**To do**
Every line of the entries below from the one containing "Pogledajte kako teku" to the one containing "Красный Ауди A7", both ends included, must be written out exactly. No other line belongs in the answer.

**Data records**
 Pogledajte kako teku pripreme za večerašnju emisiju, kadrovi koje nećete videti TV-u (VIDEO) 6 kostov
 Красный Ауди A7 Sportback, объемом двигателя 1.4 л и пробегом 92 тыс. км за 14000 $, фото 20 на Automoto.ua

--

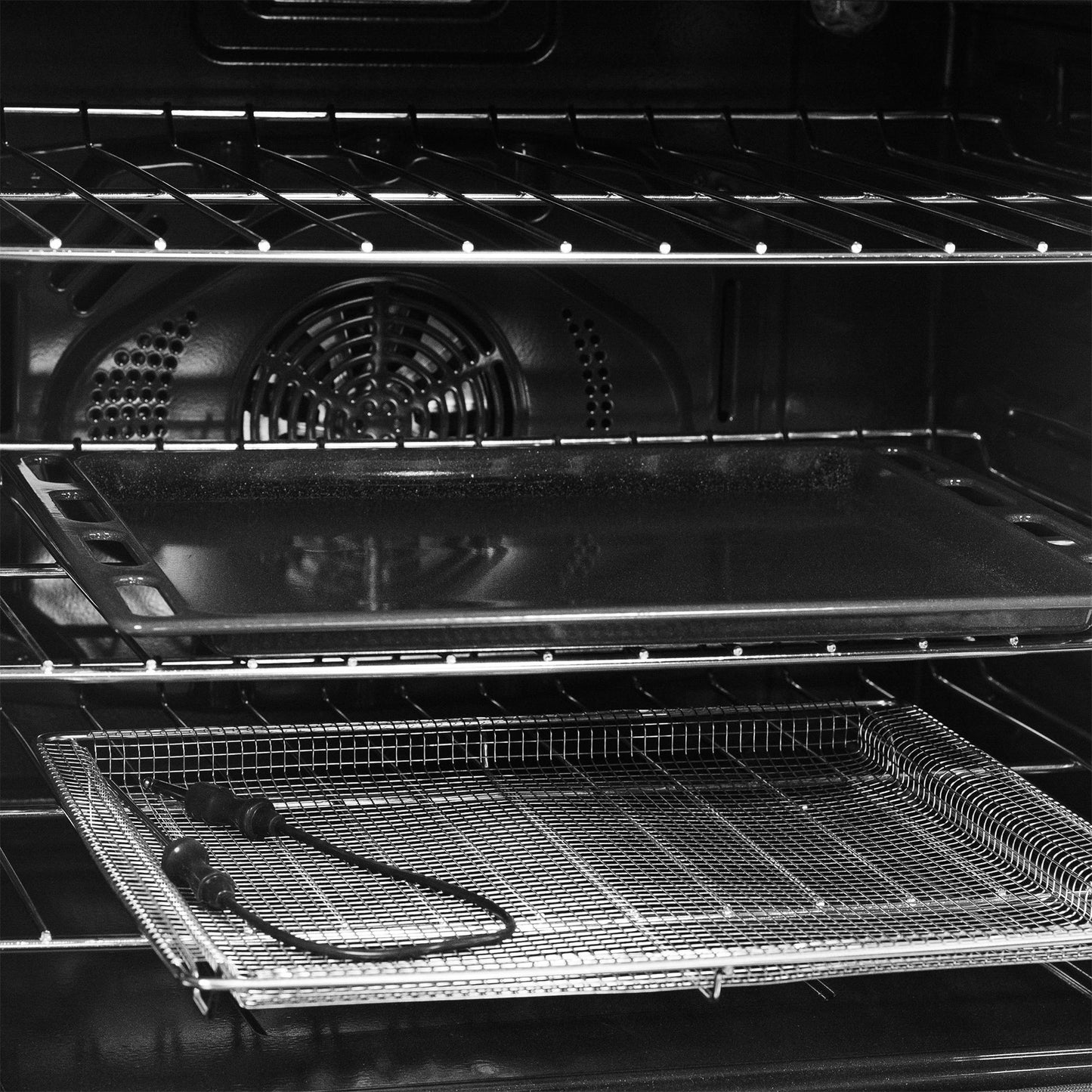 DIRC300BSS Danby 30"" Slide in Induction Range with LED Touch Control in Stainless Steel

**Output of the task**
 Pogledajte kako teku pripreme za večerašnju emisiju, kadrovi koje nećete videti TV-u (VIDEO) 6 kostov
 Красный Ауди A7 Sportback, объемом двигателя 1.4 л и пробегом 92 тыс. км за 14000 $, фото 20 на Automoto.ua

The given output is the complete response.